For the past century, most US cities have gone to extremes to accommodate cars. As a result, we have sprawling conurbations well suited to cars but less so for human beings. Without a car, it is difficult for many Americans to reach even everyday destinations like schools, stores, and parks as well as work places. Consequently, gas prices are always a hot election issue despite the fact that political leaders have very little control over how much we pay at the pump.
My wife Adrian and I recently visited ten European cities that have created and/or retained urban densities and transportation improvements that allow people get around on foot, by bike, or on public transportation. Many Americans assume Europe’s success with ecomobility resulted spontaneously from centuries-old building styles or some innate fondness for walking and bicycling. In fact, these planet-friendly transportation solutions are largely the result of planning decisions that often irritate or even enrage drivers who feel they should be given the same road-hogging entitlement as their counterparts in the United States.
Bremen, Germany, a city of over 500,000 people rarely gets as much recognition as Copenhagen, Denmark, or Amsterdam and Utrecht in Netherlands. Nevertheless, Bremen has pioneered bike zones in Germany and taken significant steps toward creating a better balance between pedestrians, bicycles, transit, and cars within the finite space of the public right of way.
Bremen became the first city in Germany to declare an entire neighborhood as a bike zone. In the Neustadt district, bikes and pedestrians have priority. Some streets here prohibit cars altogether.
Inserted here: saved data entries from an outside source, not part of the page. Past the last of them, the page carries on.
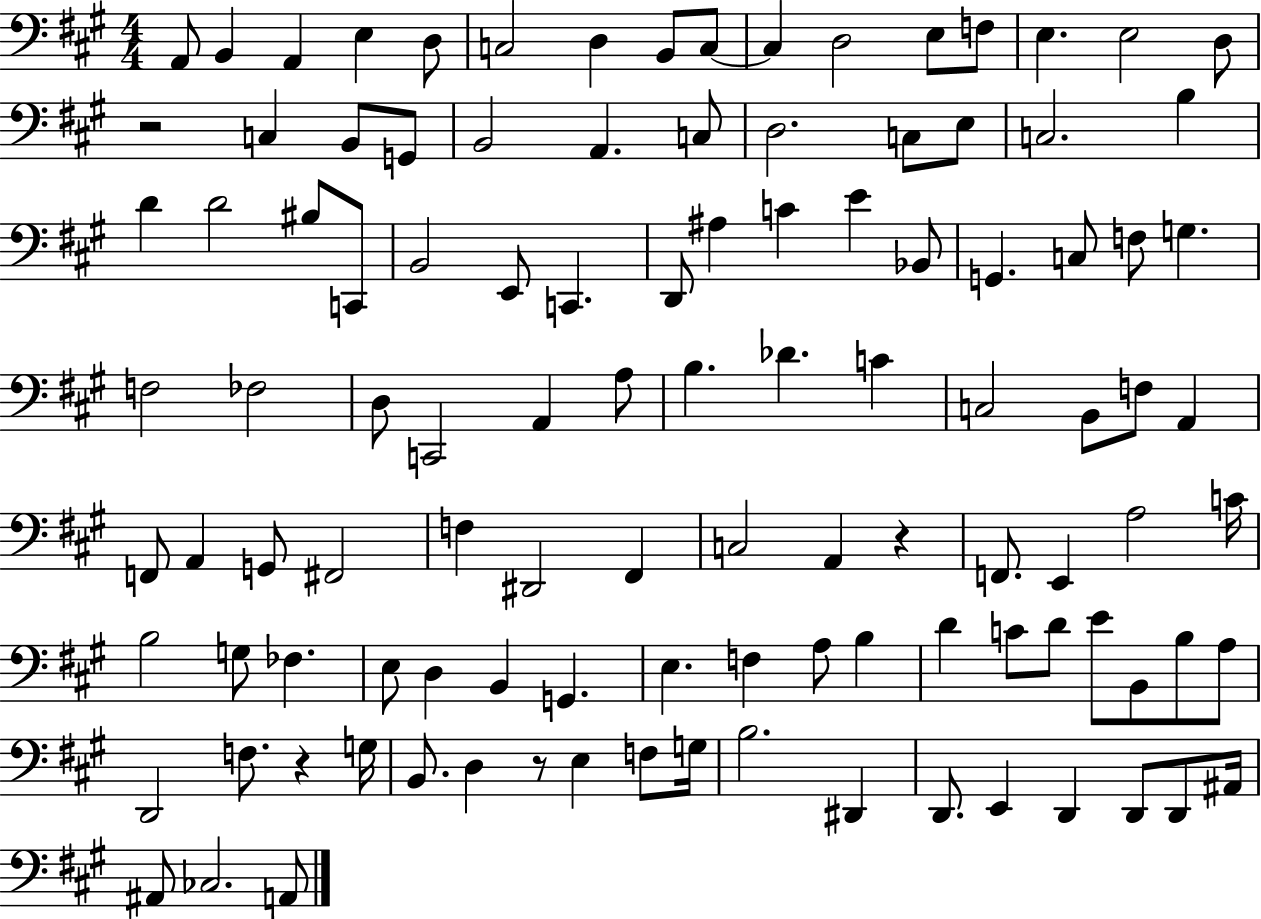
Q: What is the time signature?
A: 4/4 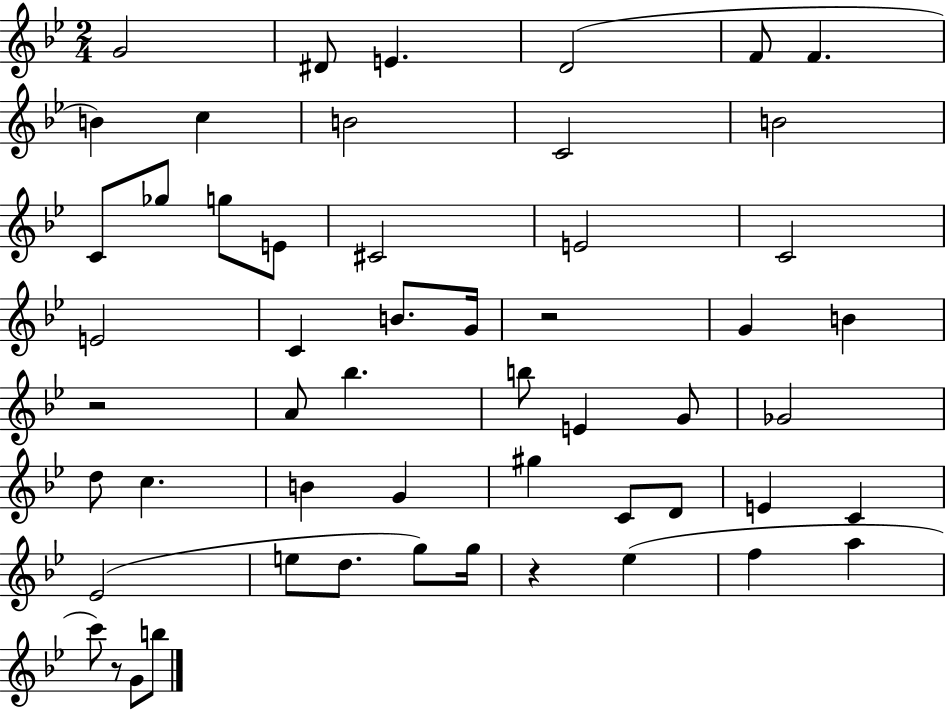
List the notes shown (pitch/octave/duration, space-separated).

G4/h D#4/e E4/q. D4/h F4/e F4/q. B4/q C5/q B4/h C4/h B4/h C4/e Gb5/e G5/e E4/e C#4/h E4/h C4/h E4/h C4/q B4/e. G4/s R/h G4/q B4/q R/h A4/e Bb5/q. B5/e E4/q G4/e Gb4/h D5/e C5/q. B4/q G4/q G#5/q C4/e D4/e E4/q C4/q Eb4/h E5/e D5/e. G5/e G5/s R/q Eb5/q F5/q A5/q C6/e R/e G4/e B5/e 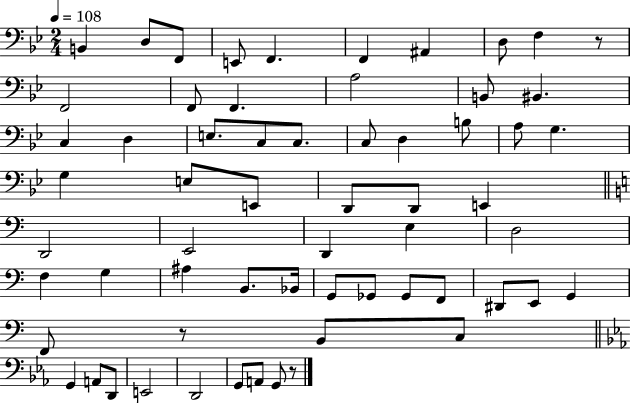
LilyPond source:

{
  \clef bass
  \numericTimeSignature
  \time 2/4
  \key bes \major
  \tempo 4 = 108
  \repeat volta 2 { b,4 d8 f,8 | e,8 f,4. | f,4 ais,4 | d8 f4 r8 | \break f,2 | f,8 f,4. | a2 | b,8 bis,4. | \break c4 d4 | e8. c8 c8. | c8 d4 b8 | a8 g4. | \break g4 e8 e,8 | d,8 d,8 e,4 | \bar "||" \break \key c \major d,2 | e,2 | d,4 e4 | d2 | \break f4 g4 | ais4 b,8. bes,16 | g,8 ges,8 ges,8 f,8 | dis,8 e,8 g,4 | \break f,8 r8 b,8 c8 | \bar "||" \break \key ees \major g,4 a,8 d,8 | e,2 | d,2 | g,8 a,8 g,8 r8 | \break } \bar "|."
}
Cars are allowed on other streets but the maximum speed limit is 30km/hour or 18.6 miles per hour. Humans on foot or bike are much more likely to survive a crash when cars are traveling at these speeds. In addition to safety, when cars proceed slowly and cautiously, the neighborhood is quiet and peaceful.
Bremen provides bike lanes on most arterial streets. The bike plan calls for eight cross-city cycle routes with bikeways emblazoned with red thermoplast to remind motorists that bikes have priority. The city supplements this bike-friendly red carpet with a green network through its extensive park system providing separated paths usable for exercise and recreation as well as car-free mobility. As a result, 25 percent of all trips here are on bicycles and the city is ranked as the eleventh most bike-friendly city in the world on the Copenhagenize Index.
The cycling plan for Hamburg, Germany, establishes 14 veloroutes, 12 or which radiate from the city center and two concentric rings connecting the spokes of this wheel. In addition to accommodating bicycle access to most parts of the city, this design links to trails that lead into the countryside, like the Alsterwanderweg which extends into nature preserves outside the city.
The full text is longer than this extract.